Rule: Your king has to stop one pawn, your knight the other.
In this example things have gone terribly wrong for White.
Although the king is stopping one pawn, the knight isn't able to stop the other.
After 1.Nc6, h2; 2.Nd4+, Ka3; the White knight can't stop the h-pawn.
This position is almost the same as the previous. The only difference is the file of the second pawn.
Is the white knight able to stop the g-pawn?
After 1. Ne6, g2;
Thanks to the following check, the knight gains a tempo.
2.Nd4+, Ka3; 3.Nf3,
The knight arrives just in time to occupy the queening-square.
If your king is far away from the scene of the action, you'll lose.
In this position the white king isn't able to stop any of the pawns.
After 1. Ke7, Ka2;
One of the pawns will promote.
In every position, you have to find out which pawn has to be stopped by which piece.
In this position, it may look like the king has to stop the h-pawn (because the knight is already stopping the a-pawn).
Unfortunately, the king isn't able to stop the h-pawn.
Therefore the only way to save this position is to let the pieces swap their duties.
Black goal is to promote the h-pawn as soon as possible.
The white king has reached the square of the a-pawn.
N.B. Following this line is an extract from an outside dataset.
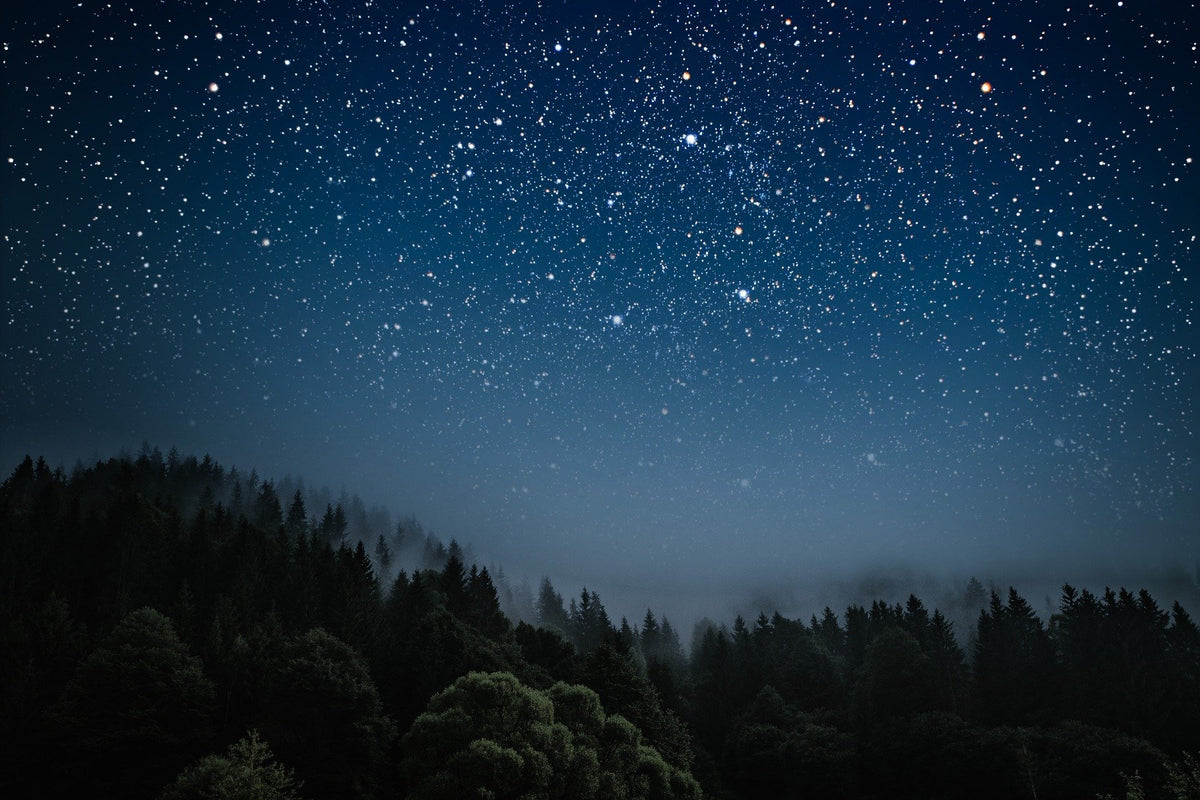 Starry Night Wallpaper Mural in your room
Now the knight is free to help and stop the h-pawn.
You may ask yourself why doesn't Black play his h-pawn to h3? This is because in the position after 6....h3; 7.Ne3; the knight stops the h-pawn (as shown in the knight vs pawn ending)
8.Nc4, and Black can't make any progress.
If this isn't obvious to you, you may like to revisit the page about knight vs single pawn endings
In the ending with knight vs two isolated pawns, the defender may be able to secure a draw if the defending king is close enough to stop one pawn and if the knight is able to stop the other.
You'll have to find out which pawn to stop with your king and which pawn with your knight.